Growing up, we always ate this pie for my Dad’s birthday. I’ve started doing the same for my birthday. My birthday is right between H’s and N’s, so I’m generally not in the mood for more cake. But I am ALWAYS in the mood for celebrating with something sweet.
I used to think it was the most complicated recipe and that it took my Mom the whole day to make it. And while it is quite a bit more complicated than a box cake mix and a jar of icing, it’s not much more complicated than a lot of things I’ve learned to cook here in the desert. Here we do things from scratch… so most recipes have more components to prepare and take longer anyway.

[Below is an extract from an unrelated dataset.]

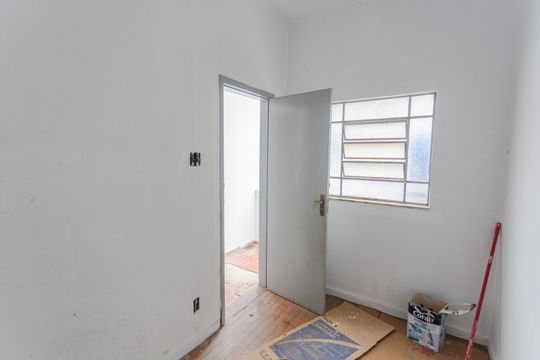 Quarto de Serviço de casa à venda com 7 quartos, 360m² em São Lucas, Belo Horizonte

What I’m saying is that it used to be such a long and complicated recipe to me, but now it’s just a little longer than average.

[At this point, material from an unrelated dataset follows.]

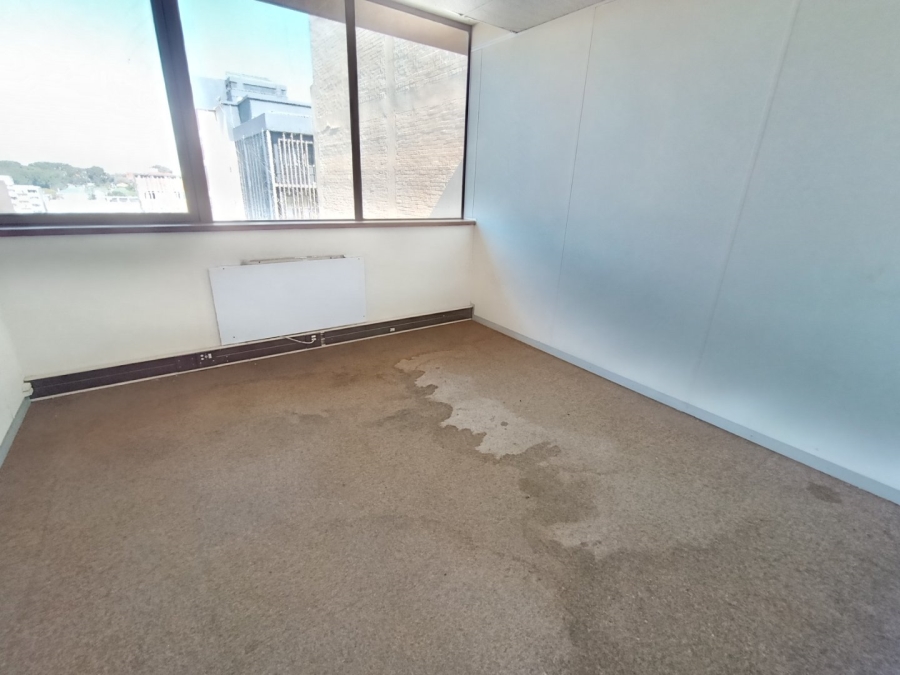To Let commercial Property for Rent in Bloemfontein Free State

Here we go. There are four components:
1. A pre-baked pie crust Your favorite recipe will do. Or google it. Or get a pre-prepared one from the freezer section if you want. Doesn’t matter. I did my crust from scratch a couple days ahead of time and froze it and then thawed it when I was ready for the rest of the pie.
2. Peanut Butter Crumbles Mix 1/3 cup peanut butter with 3/4 cup confectioners sugar. Should look mealy. I also did this ahead of time and kept it in the fridge. I’m a do-things-ahead-if-I-can kinda gal, in case you never noticed.
3. Pie Filling
2 cups scalded milk (heat it in a pot on the stove until just the edges start to bubble)
3 beaten egg yolks (save the whites for the meringue)
1/3 cup flour
1/8 teaspoon salt
2 T butter
1/2 t vanilla
Combine flour, sugar, milk and salt in a double boiler. Cook over boiling water until thick. Stir in egg yolks gradually. Cook a few minutes longer. Add butter and vanilla and stir. Cool slightly.
4. Meringue (I do this while my filling cools a bit)
3 egg whites
1/4 t cream of tarter
1/2 c sugar
1 t cornstarch
Beat egg whites until foamy, add cream of tarter, then mix cornstarch and sugar together and add gradually, beating well between additions. Beat until stiff.
Now, putting it all together…
-Sprinkle two-thirds of peanut butter crumble on baked pie shell
-Pour pie filling over the peanut butter crumble. (If mine looks lumpy, then I push it through a sieve on the way.)
-Spread meringue on top of filling.
-Sprinkle remainder of peanut butter crumble on top of meringue.
-Bake at 350 for 15 minutes.
-Cool, then chill before serving
Oh my word. This is a delicious pie. Thanks Mama, for the recipe!